** Brief **
Your task is to retype, exactly, the line containing "Hi friends, welcome" and every later line through the end of the listing, with pictures omitted.

** Recorded data **
■ ■ ■
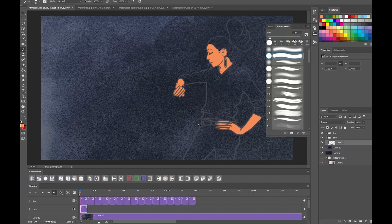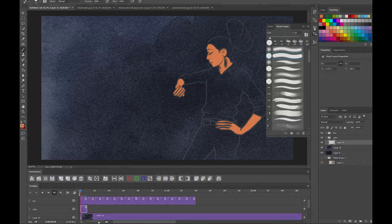And that, folks, is how it's done. There's another tutorial on how to export once you've finished your coloring and drawing. You can add all your layers and export directly from Photoshop to an H.264 1920 by 1080 and turn it in.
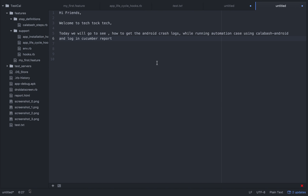Hi friends, welcome to Tech Talk Tech. Today we are going to see how to get Android crash logs while we are running automation using Calabash Android, and how we can log them in a Cucumber report.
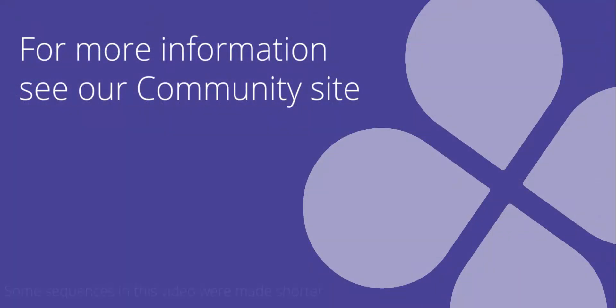For more information about integrations with Pebblepad, visit the Pebblepad community site.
■ ■ ■
** Exercise result **
Hi friends, welcome to Tech Talk Tech. Today we are going to see how to get Android crash logs while we are running automation using Calabash Android, and how we can log them in a Cucumber report.
For more information about integrations with Pebblepad, visit the Pebblepad community site.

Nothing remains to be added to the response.